Uploading a document hits a thin REST controller, which hands off to an application service and returns immediately. The real work happens on a background thread: parse the file into content blocks, run it through a pipeline of AI agents (preprocessor, relevance guard, summarizer, flashcard generator, concept mapper, quiz generator, quiz evaluator), and checkpoint each step’s output. PostgreSQL is the single source of truth; Neo4j holds a derived, rebuildable graph projection of the concept map for fast neighborhood queries; Caffeine handles in-process caching.

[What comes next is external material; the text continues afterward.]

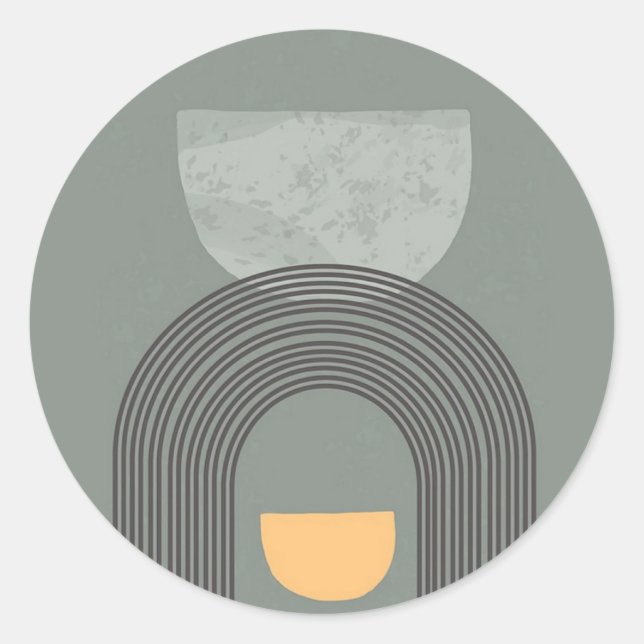 Pegatina Redonda Resumen Patrón de formas bohemias (Anverso)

The why behind each of those choices is explained in another article - Why MindForge Looks the Way It Does.

Where the project stands today

I am developing this project after hours, this is its current state:

Phase 0 — Scaffolding ✅ Maven project, hexagonal package tree, Docker Compose for local dev, StubAIGateway test double.
Phase 1 — Domain layer ✅ Every core entity, value object, and domain event as a pure Java record.
Phase 2 — Infrastructure foundation ✅ Flyway migrations, JPA entities, and repository adapters for documents and artifacts.
Phase 2b — Persistence cleanup & DTO foundation 🔄 nearly done. Persistence split into clean sub-packages with MapStruct mappers; the API-facing DTO layer and OpenAPI config are scaffolded. One checklist item remains: verifying GET /v3/api-docs returns valid OpenAPI 3.1 JSON.

Everything from Phase 3 onward — the AI gateway, document parsing, the agent pipeline itself, the Neo4j projection, the API layer, quiz/flashcard services, RAG chat, and the Angular frontend — is designed (see the implementation plan and roadmap docs) but not yet built.